The strap is pretty long so I had to punch an extra hole for my slight wrists, but it’s nice quality thick leather so stood up to it easily. Hopefully the sapphire glass is what it’s cracked up to be and I don’t end up scratching this one up like my last daily watch.


----------



## axj0734 (Aug 27, 2020)

Just pulled the trigger on the 39 mm and I'm stoked. Can't wait for it to get here.


----------



## BundyBear (Mar 3, 2018)

axj0734 said:


> Just pulled the trigger on the 39 mm and I'm stoked. Can't wait for it to get here.


Noice. 

You won't regret it. Got one last month and it is sublime. Do post some wrist shots proudly of your new acquisition when you get it in hand / on wrist 😁


----------



## axj0734 (Aug 27, 2020)

Dogbert_is_fat said:


> Noice.
> 
> You won't regret it. Got one last month and it is sublime. Do post some wrist shots proudly of your new acquisition when you get it in hand / on wrist 😁


It arrives Thursday. I'll be sure to post some wrist shots. The first ever "real" watch I bought was an Archimede A type dial back in 2009 and I loved it; unfortunately, it got swiped when I left it on a table in a restaurant about five years ago. I'm so thankful to Laco for putting out this budget line, and for experimenting with dials. I missed out on the grey dial earlier this year, but I think I'll like the sunburst taupe even more.


----------



## BundyBear (Mar 3, 2018)

axj0734 said:


> It arrives Thursday.
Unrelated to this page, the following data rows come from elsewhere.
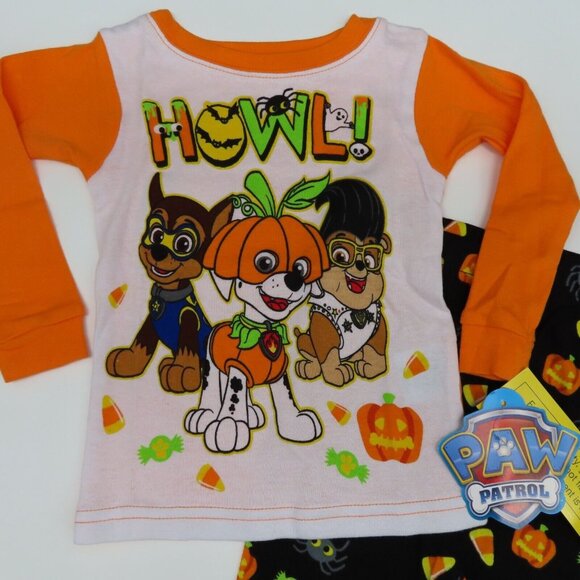 Nickelodeon Paw Patrol 18M Baby Glow in the Dark Dog Howl Halloween Pajamas NEW - Picture 3 of 9
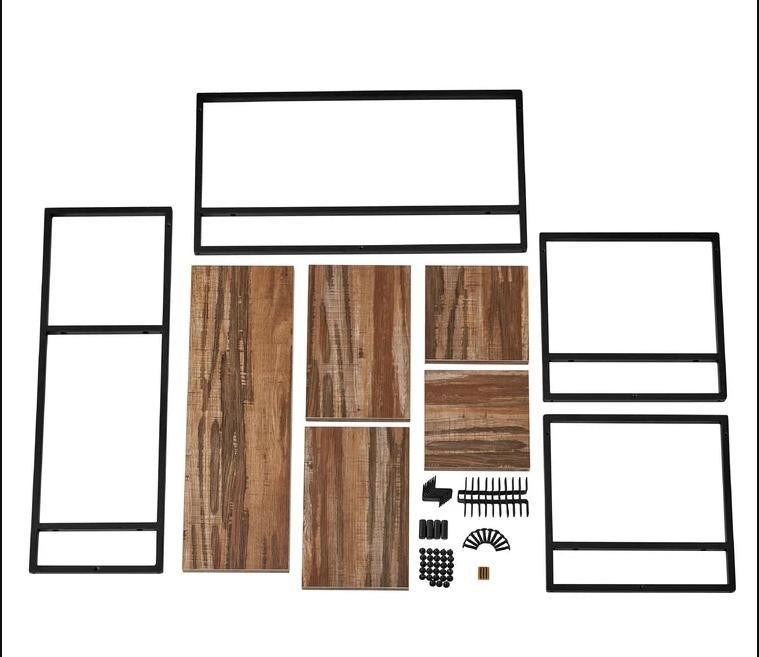 Serviço personalizado De pinho de madeira de cor flutuante pendente parede prateleiras de ferro para exibição de quarto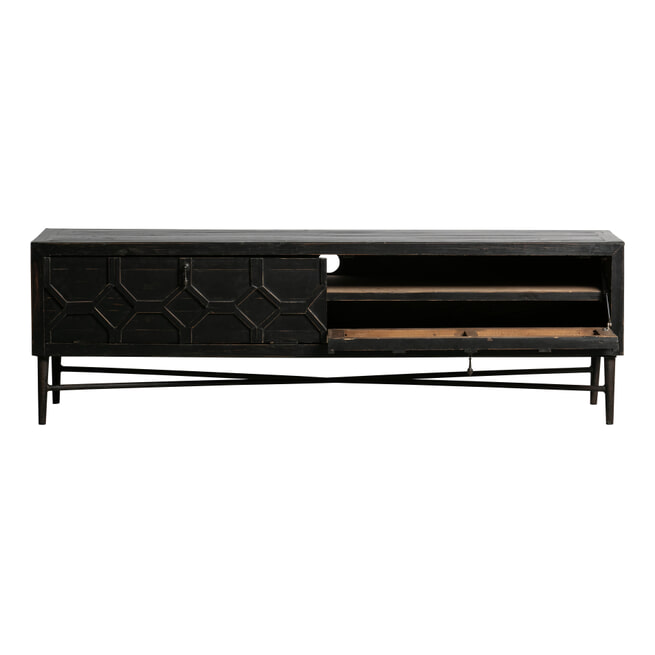 BePureHome TV-meubel 'Bequest' 160cm, kleur Zwart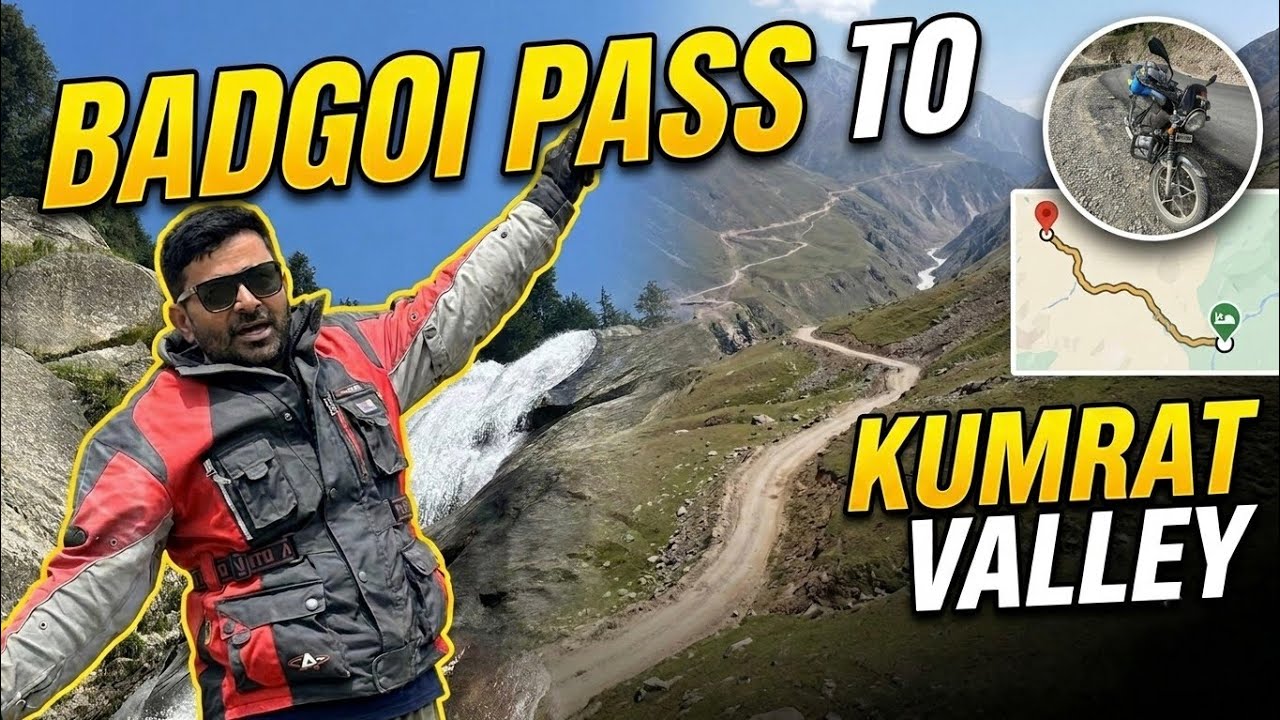 Badgoi Pass say Kumrat valley ka safar | Northern Pakistan Trip 2026 | MotoVlog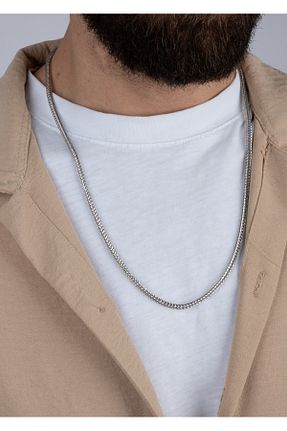 گردنبند جواهر زنانه روکش نقره Piercing Market Steel & Silver - کد 818926997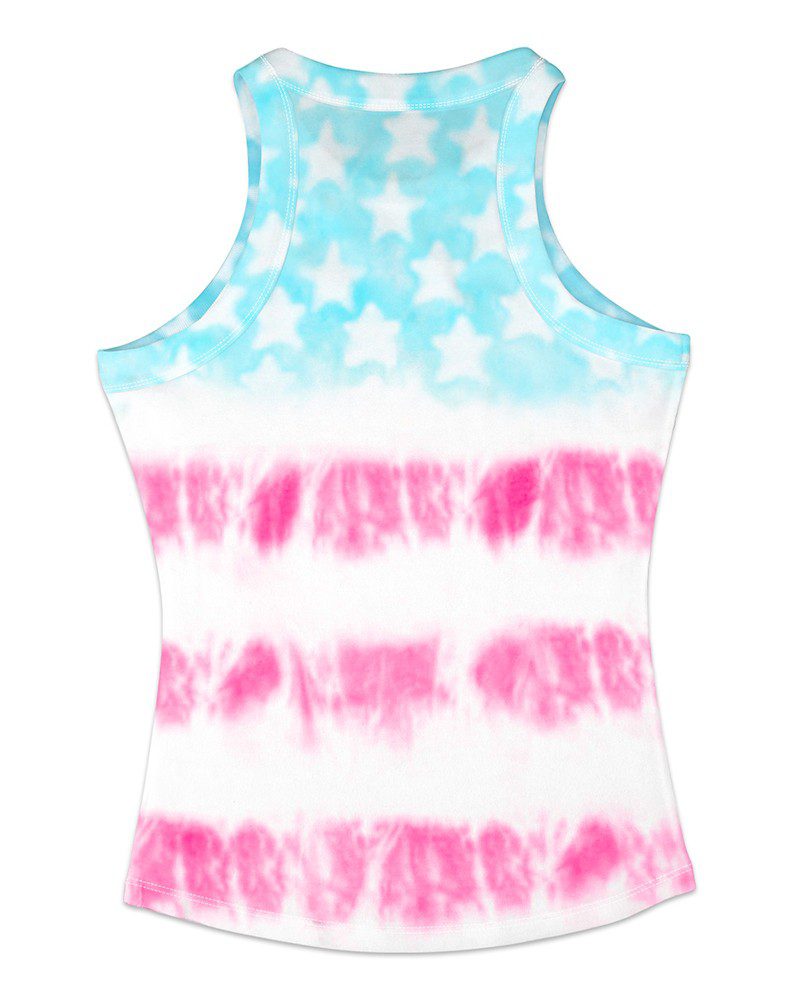 Stars Tie Dye Print Tank Top - Image 4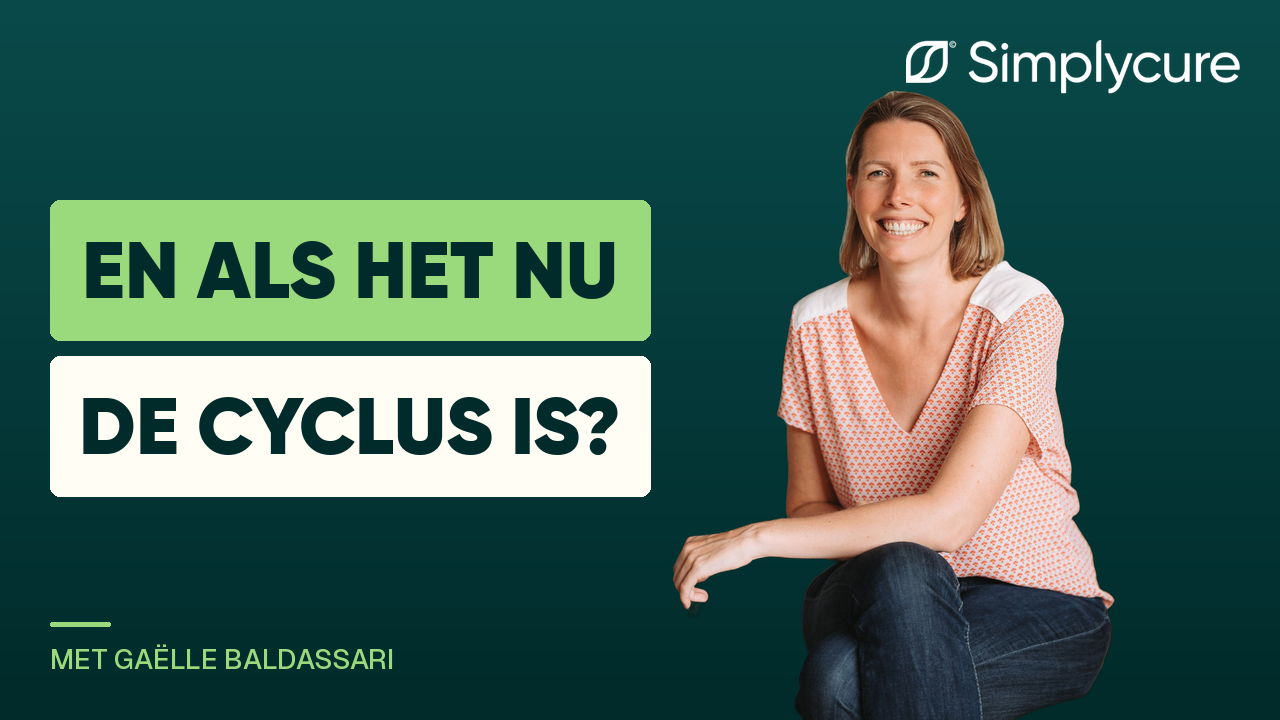 Gaëlle Baldassari, webinar van Simplycure over de menstruatiecyclus in consultatie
I'll be sure to post some wrist shots. The first ever "real" watch I bought was an Archimede A type dial back in 2009 and I loved it; unfortunately, it got swiped when I left it on a table in a restaurant about five years ago. I'm so thankful to Laco for putting out this budget line, and for experimenting with dials. I missed out on the grey dial earlier this year, but I think I'll like the sunburst taupe even more.


Sorry about your watch being stolen. But here is a wrist shot (my wife's) to help you focus.... ?


----------



## axj0734 (Aug 27, 2020)

Got mine today. As awesome as I'd hoped. The lighter color dial really allows the black on the hands to pop. Love the classic flieger style in a more modern look, and the 39 mm fits my wrist perfectly. The only gripe I have is with the strap, which works really well color wise and is a nice quality (broke it in already with half a day's wear, probably because I was talking the watch off every half hour to show my coworkers the lovely rotor), but with the taper it feels kind of dainty. Might have to change that out. Love it overall. #48/200 in the run.


----------



## axj0734 (Aug 27, 2020)

The lume on this thing kicks as well.


----------



## BundyBear (Mar 3, 2018)

axj0734 said:


> The lume on this thing kicks as well.
> View attachment 15490696


Looks awesome! I need to go check mine too. 😁


----------